### Your instructions
Write out again the lines from the line with "Creda Electruepart Single" up to and including the line with "VOLVO XC90 /", exactly as they stand below, and skip any picture.

:: Given entries ::

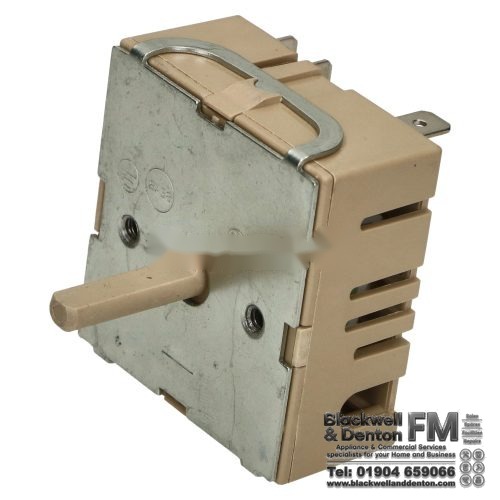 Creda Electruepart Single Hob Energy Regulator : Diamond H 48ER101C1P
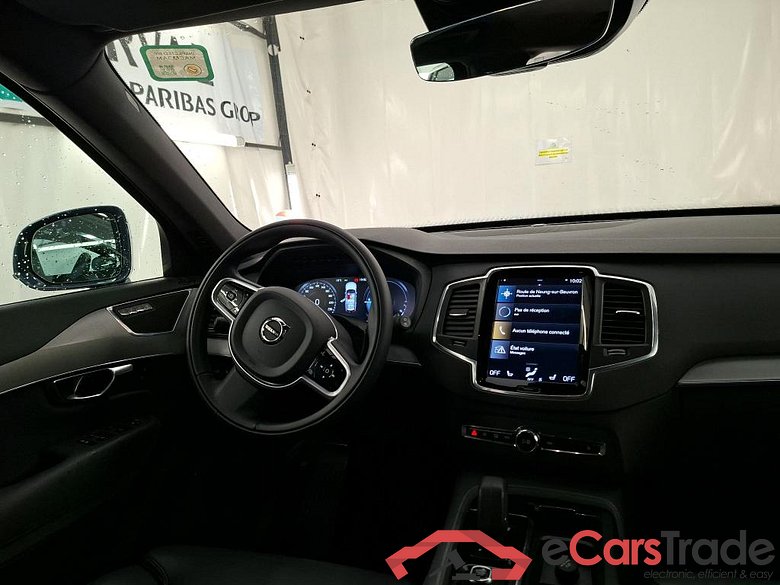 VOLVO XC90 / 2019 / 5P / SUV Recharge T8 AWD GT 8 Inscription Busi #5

:::
:: Given entries ::

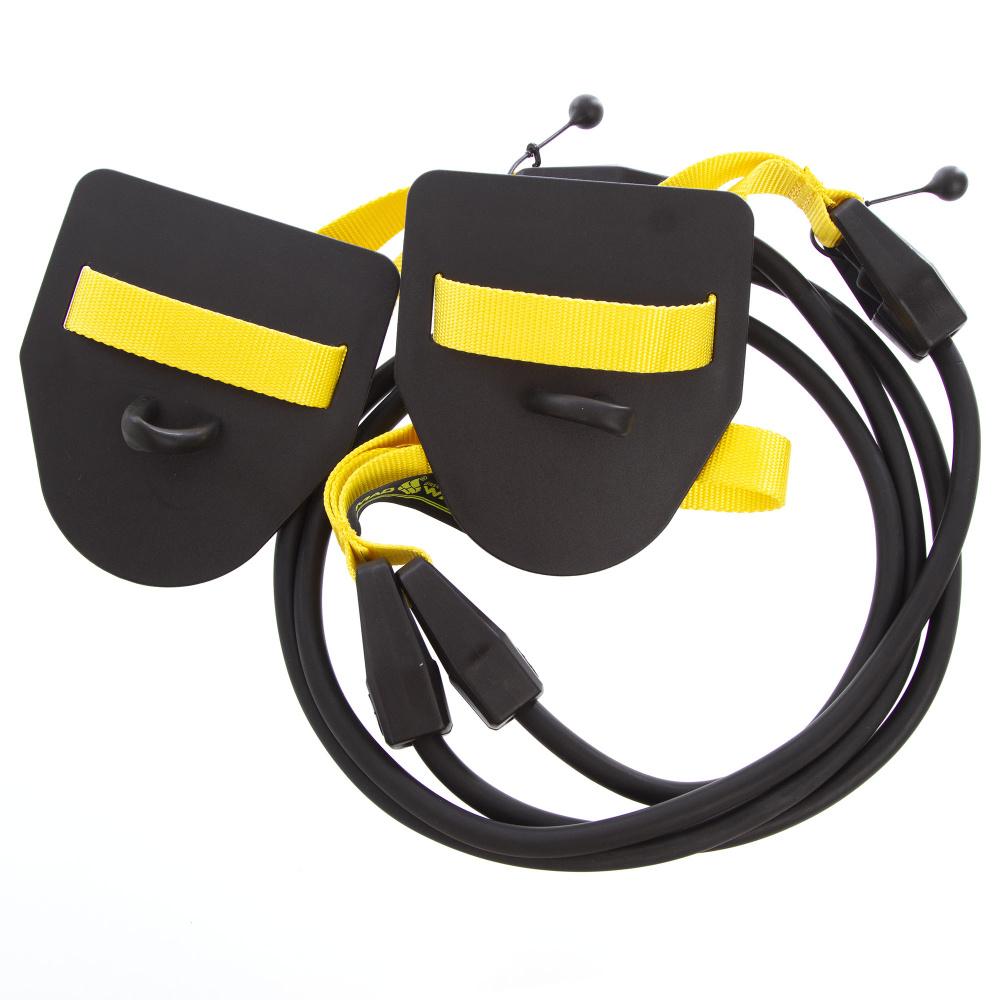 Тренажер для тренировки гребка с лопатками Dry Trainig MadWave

:::

### Response area
 Creda Electruepart Single Hob Energy Regulator : Diamond H 48ER101C1P
 VOLVO XC90 / 2019 / 5P / SUV Recharge T8 AWD GT 8 Inscription Busi #5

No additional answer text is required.